Migdalia, a dermatologist points out that “for six years I earned 700 Cuban pesos — about 35 dollars — and the salary was barely enough for me to buy fruits and vegetables at the market. Now I get 1,600 Cuban pesos — almost 75 dollars — and it’s not enough either. So I accept patients who give me bread and ham, or a piece of clothing, or money in cash, and I give them personalized attention.”

Joel, an allergist, wonders why, if what the international media says is true and the government gets between 7 and 8 billion dollars from the sale of medical services, “they don’t pay us salaries consistent with the inflation in the country. I was in Venezuela two years. The neighbors gave me food and gave me gifts of clothing and things. Rather than a doctor, I looked like a merchant buying stuff to sell when I came back. I got to Cuba, after three years on a mission, between business and the money I saved I had some four thousand dollars, not even enough to rebuild my house. Now I’m chasing a mission in Trinidad and Tobago or Qatar, but to get it you have to pay some official at the Ministry of Public Health (MINSAP) some 400 or 500 bucks for them to put you on the list. For these reasons, among others, many doctors decide to emigrate.”

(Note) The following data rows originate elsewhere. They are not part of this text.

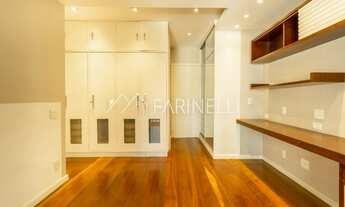 Imagem 7: Rio de Janeiro - Apartamento Padrão - Gávea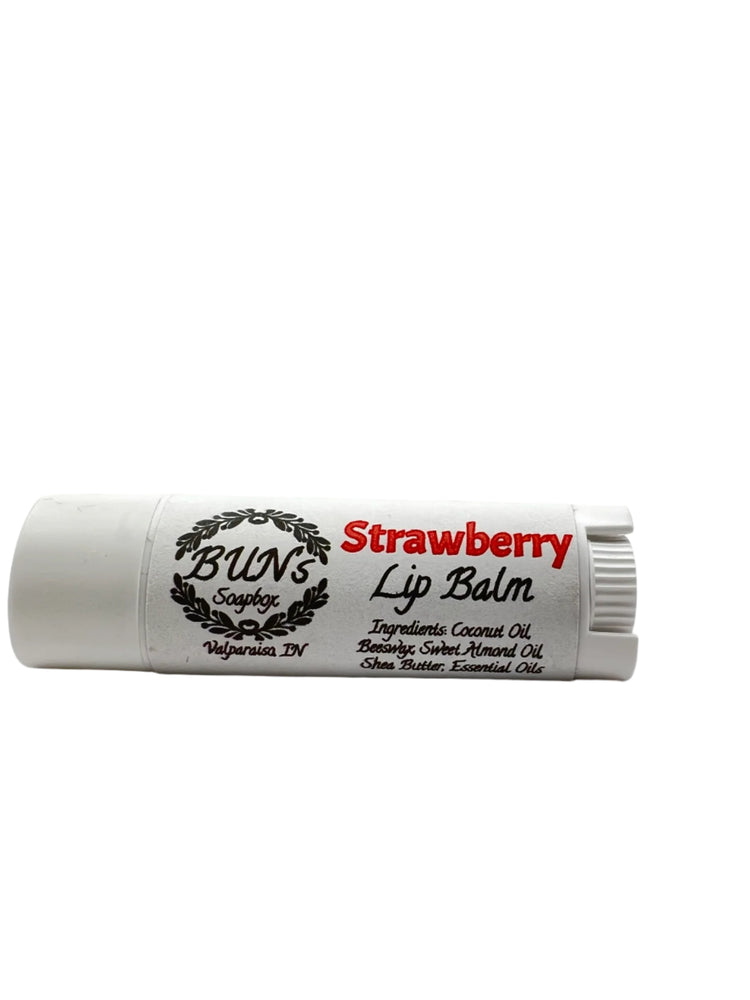 Goat's Milk Lip Balm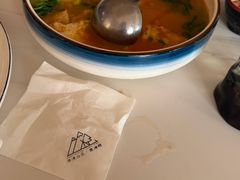 -华凌山庄·隐湖栖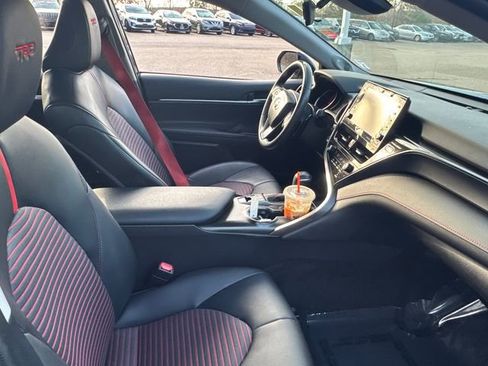 Certified 2023 Toyota Camry XSE image 17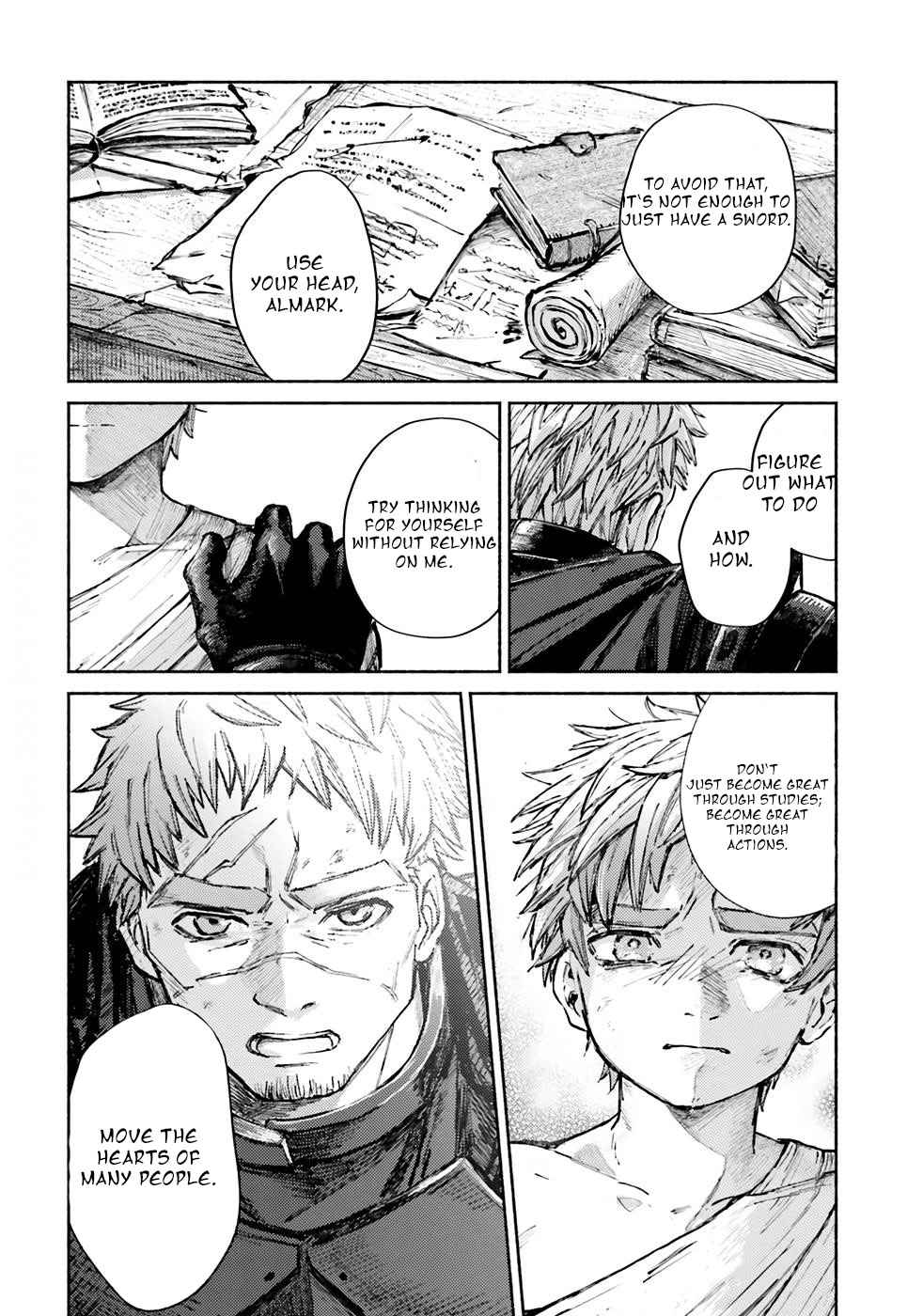 Almark Chapter 1.2 - Page 27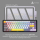Ajazz AK680 MAX (8+8K) Magnetic Switch Black Gray Yellow RGB - 1536359 - zdjęcie 10
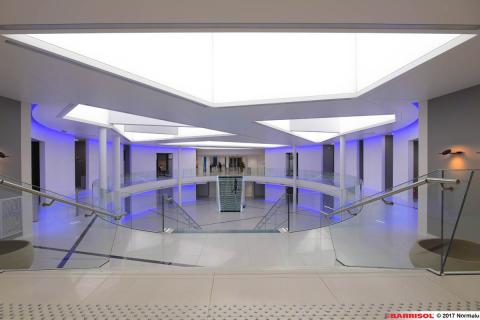 Banque Populaire Metz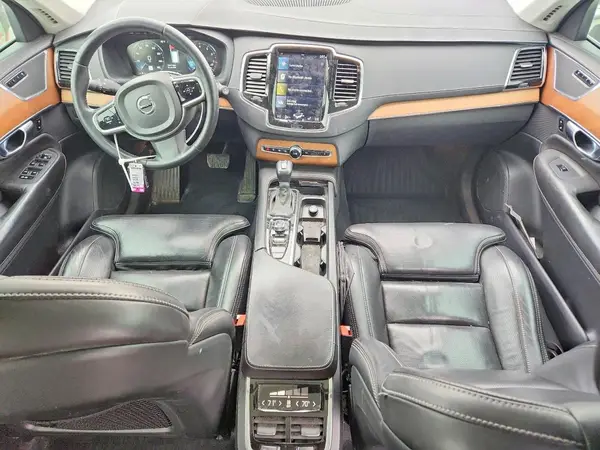 YV4A22PL0H1163311 2017 VOLVO XC90 - Image 8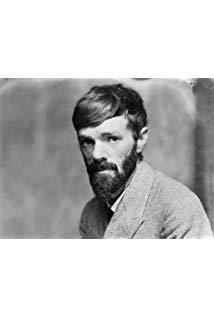 تصویر D.H. Lawrence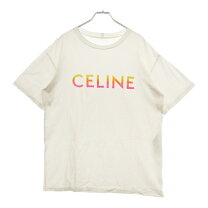 楽天市場】CELINE Tシャツの通販 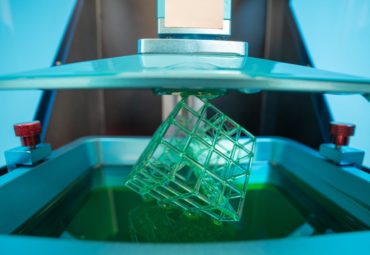 Dental vat photopolymerization blog article featured
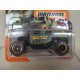 GHE-O RESCUE JUNGLE 1:64 MATCHBOX
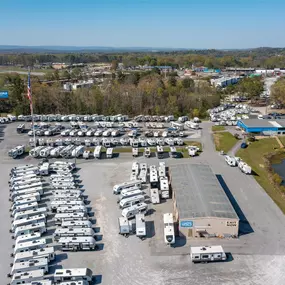 Bild von Camping World RV Sales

If we credit the statistics, a little more than three thousand doctors have deserted in the last seven years. Venezuela is a destination that puts their lives at risk. The delirious criminality in the South American country has provoked, according to a statistic from 2010, the deaths of 67 Cuban health professionals.

The lack of high-quality specialists makes it difficult to care for patients in Cuba. Daniel has been looking for an ear specialist for six months to diagnose and treat a problem.

“They only treat you as am emergency in a hospital if you’re dying. Diseases and symptoms that require lab tests, exams with equipment such as cat scans or x-rays. can only be obtained quickly by paying with money or gifts. Preventive medicine on the island is in crisis,” Daniel affirms.

Twice a month, Marta pays 10 Cuban convertible pesos (CUC) to the dentist who sees her daughter. “It’s the only way to get high quality care. If you don’t pay, and try to work through the system, they don’t fix your mouth or they do it badly.”

Aida, who works for a bank, waited almost a year to get an appointment with an allergist. “Her appointment at the polyclinic was once a month. But she never went. With two little bites of ham, two soft drinks and 5 CUC I was able to get an allergist to see me. Then, if they see that you have resources, then they stretch out the attention to get more money out of you. Some doctors have become hucksters. It’s painful.”

When you go to appointments at hospitals, you see that the majority of patients are bringing gifts for the doctor. But it can be a gift in kind. Though many prefer cash.